THE BAPTIST MOVEMENT was born in the midst of the ferment and evolution of the English Church in the seventeenth century. Originally a collection of hole-in-the wall dissenters who were easily confused with Seekers, Ranters, Quakers, and political anarchists, Baptists rose to positions of prominence and respectability by 1700 in England and Wales. Along the way their leaders made major contributions to the theory and practice of religious liberty and the theology of the believers’ church. The principle ordinance of their faith, adult baptism by immersion, became the symbol for a people who dared to take the Bible seriously and specifically.

The Baptist faith soon spread to other lands by individuals and entire congregations. In America Baptists at first encountered persecution and yet thrived in an unusual way. In fulfillment of their legacy, 25 million Baptists live in the United States, as of 1985, of the 45 million Baptists worldwide. There are important reasons for this success.

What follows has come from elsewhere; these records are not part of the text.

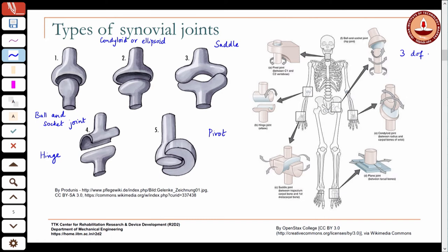The only synovial joint that is not a rotational joint is the plane joint, where two bodies move by gliding with respect to each other, with possibly a little rotation perpendicular to the plane. These are the only joints in the body with translational motion. In reality, none of the joints in the body are purely rotational — most also have some degree of sliding and translation due to the irregular shapes of bones.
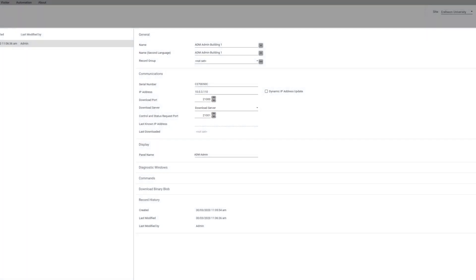You should also double check your controller's user interface to see if the download port and control port there is matching with 21000 and 21001.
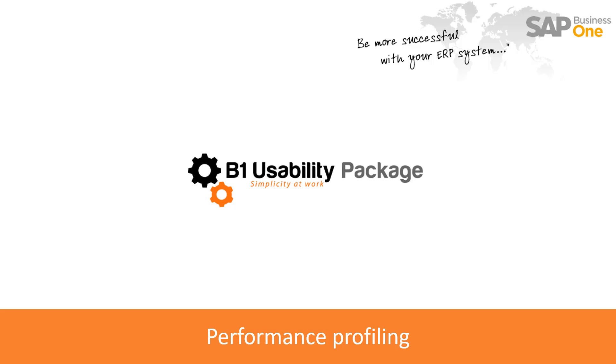Hello and welcome to this B1 Usability Package eLearning session. In this session we will be looking at how to performance profile the B1 Usability Package and how to help us figure out why a specific scenario is slow.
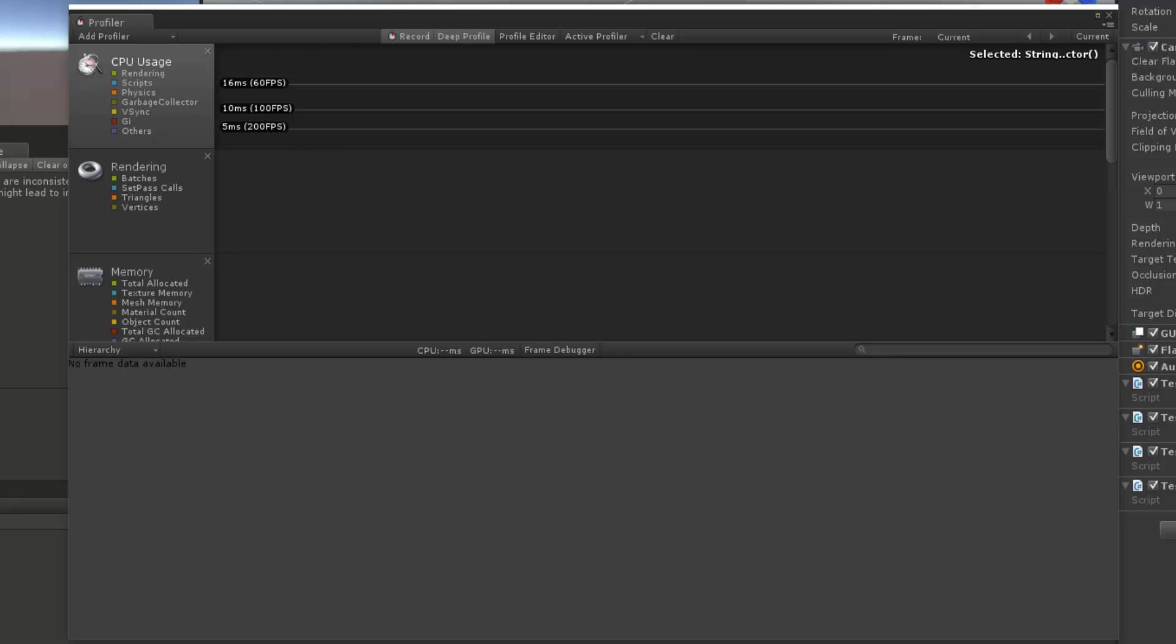Hello, I'm Brent Ferris, and in this video we're going to go over garbage collection and how we can see it inside of the profiler and how garbage is actually created.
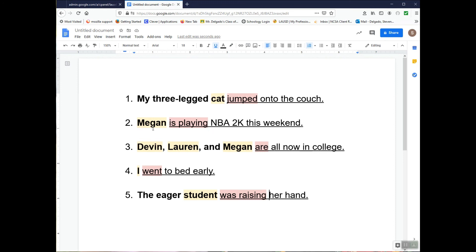In the second example, Megan is the noun that is the subject — not NBA 2K. That's not the subject, so we're not going to highlight that. Even though NBA 2K is a noun, it's still not the subject. NBA 2K is not playing Megan — it's Megan playing NBA 2K. And that's it. I hope this helps.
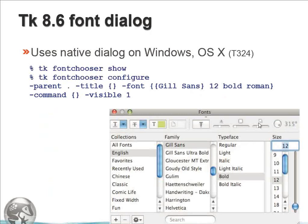The next feature for TK 8.6 is the TK font dialog. It uses the native dialog on Windows and OSX, and a TK-built one on X11. To work with native dialogs, it operates differently: you request that it be shown, then use TK font user configure, and it provides callbacks to indicate when things have changed — that's how it works with both Windows and OSX native dialogs.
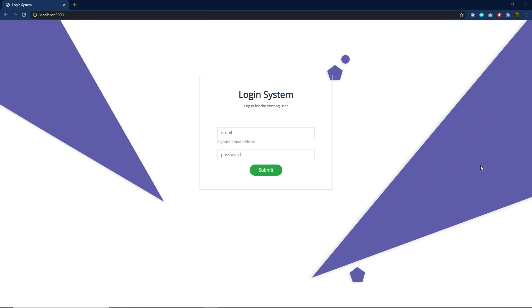In this lecture, we're going to understand how to create a login and logout system in an Express application.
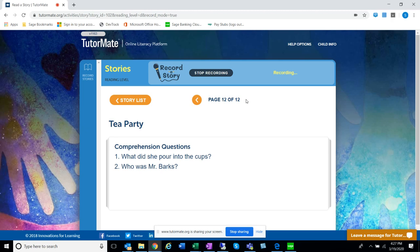Aw, that was a good story. Have you ever had a tea party? Tea parties are fun, even if it's just pretend. Even if you have pretend cups, pretend dishes, pretend everything.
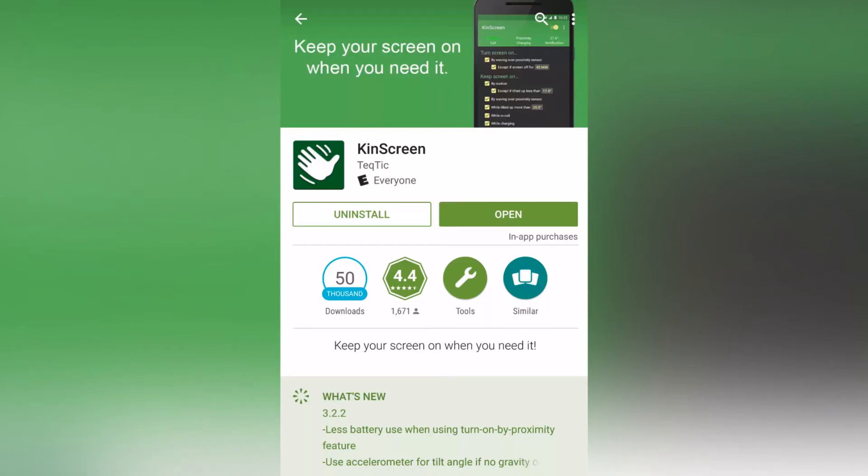Hey there YouTube, how's it going? Today I'm back with another video in which I want to show you this app called Kinscreen for Android.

Baptist principles were especially well adapted to the American experience. In a frontier society, qualities such as individualism and self-government were important. Baptist preachers stressed individual accountability before God and the responsibility of congregations of believers to Jesus Christ, the head of the church. Church decisions were made by group consent, and churches could be organized wherever a small band of believers agreed to meet regularly. In a society where there were few educational opportunities for a learned ministry, Baptists placed high value upon a personal call to the ministry and evidence of the gifts of preaching and teaching. While clusters of churches did form associations, every congregation with its pastor as bishop was complete in itself with or without a comfortable meetinghouse, music, or a standard form of worship. Finally, Baptists in America were loud exponents of religious liberty for all, in a land where liberation from the shackles of the past was on everyone’s mind.

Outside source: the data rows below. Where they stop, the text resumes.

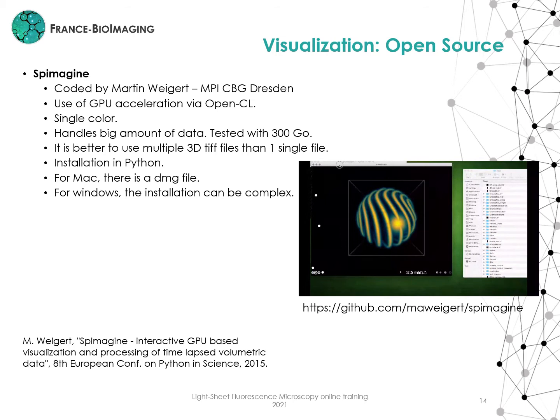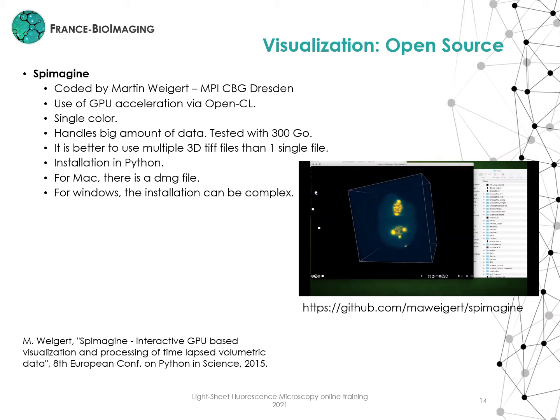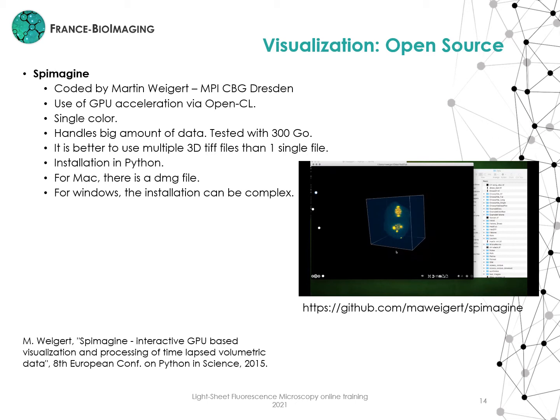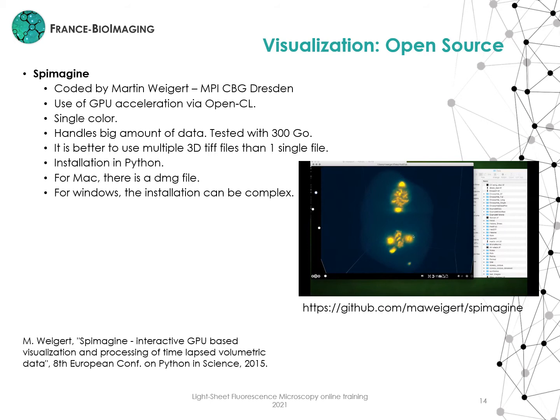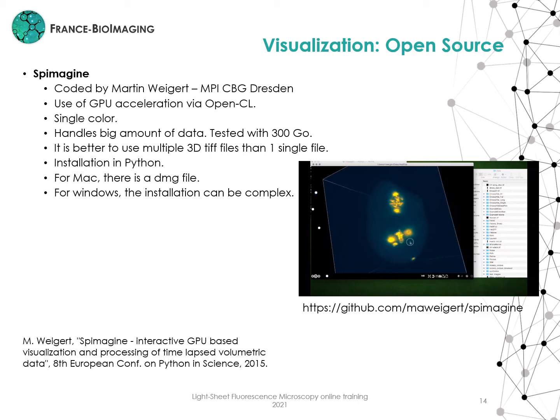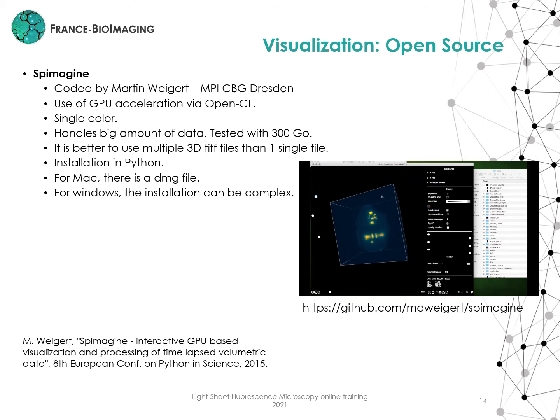Another software is Spimagine. It was coded by Martin Weigert. It uses GPU acceleration via OpenCL. It only allows single-channel visualization. It handles large amounts of data — I tested it with 300 GB. It is better to use multiple 3D TIF files than one single file. It is written in Python, so installation can be complicated. For Mac there is a DMG file, but for Windows the installation can be complex.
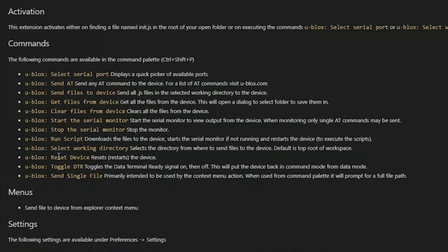You can restart the device. You can toggle the DTR pin which is one of the pins in the UART interface. This will help you change modes on the module. And you can also send single files. Instead of downloading all files in the working environment you can send one single file.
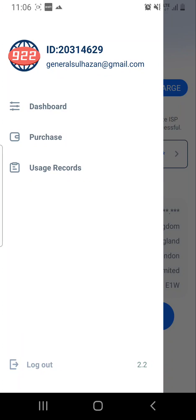Let us see how to use the 922 proxy mobile app. We are using the 922 proxy mobile app on our phone. Now, you cannot generate IPs on your phone using the 922 proxy IP-based plan.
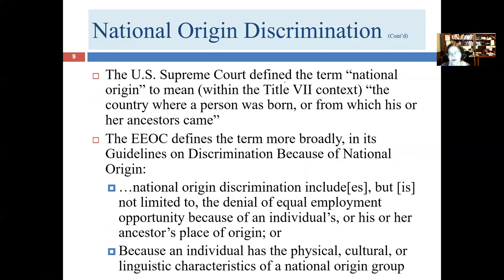The U.S. Supreme Court defined national origin as the country where a person was born or from whom ancestors came — a relatively narrow definition. The EEOC has defined the term more broadly. The Supreme Court has not historically given the EEOC tremendous deference, but if the Court's definition wasn't intended to exclude certain categories, courts may well defer to the EEOC's broader language as controlling.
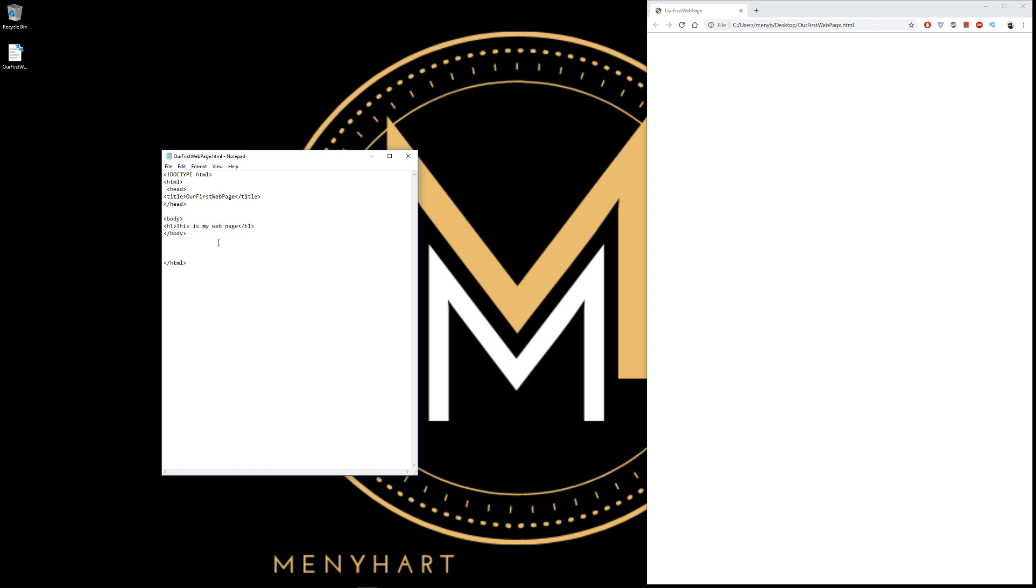Hit save. And now let's refresh the page. Now we have something on our page. Finally, our very first web page.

Black Americans—slave and free—found the Baptist persuasion very attractive. Mostly nonliterate, the slave communities found that Baptists laid great stress upon the spoken word, and black preachers memorized large portions of Scripture, which they embellished in sermons and lessons. The freedom of Baptist worship allowed African converts to retain the style and temper of native songs and expression, and the importance of singular leadership within clans and families was the precursor to the strong pastor role in black Baptist polity. In a colonial society where deliberate attempts were made to fragment Afro-American communities, the autonomy of Baptist congregations served to unite Christians in a very intimate way. No wonder that the second largest group of Baptists in the world is presently the National Baptist Convention of America, Inc., a black denomination with seven million members.

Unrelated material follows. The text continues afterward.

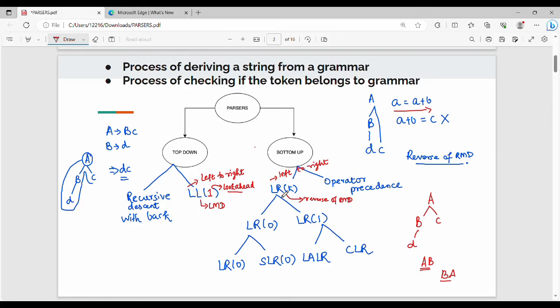Further, LRK includes subtypes: LR0 and LR1. LR0 is a subtype with further subtype Simple LR. LR1 has subtype CLR. LALR is also a subtype under LR1.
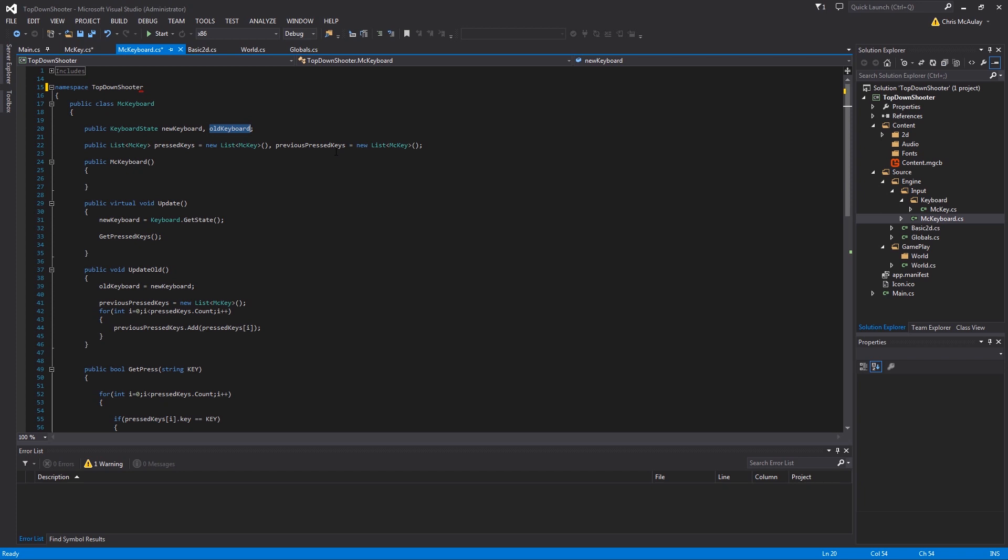First of all, you have the keyboard states: you have the new state and the old state. The reason you have two states is one is keeping track of what's happening this frame, that's the new keyboard, and then the old keyboard state is keeping track of the previous frame. Now the reason that's important is because that way you can tell which keys were just pressed and which keys are being held down.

Because Baptists also emphasized evangelism and missions, their perspective became a worldwide phenomenon in the nineteenth century. From a single baptism in 1834 of Johann G. Oncken, Baptist churches cropped up in Germany, Scandinavia, France and Southern Europe by 1860. European Baptists still live with the legacy of Oncken, that indeed “every Baptist is a missionary.”

British and American Baptists concluded at the close of the eighteenth century that missionary service was an important responsibility of the churches acting together. Through voluntary societies, persons commissioned to preach the gospel, translate the Scriptures, and treat the sick were sent first to India, then Burma, China, Japan, and Africa where sturdy communities of Baptist adherents developed. Baptists even managed to penetrate Latin America where Roman Catholicism was the state church by law. The record of accomplishment on all seven continents includes not only churches of baptized believers but scores of schools, colleges, hospitals, and publishing houses.

From small and rude beginnings, the people called Baptist have grown through persecution, struggle, and misunderstanding. Their flowering is perhaps due to, as much as anything else, their sense of freedom and their specific attention to the Bible as their sole authority in matters of faith and practice.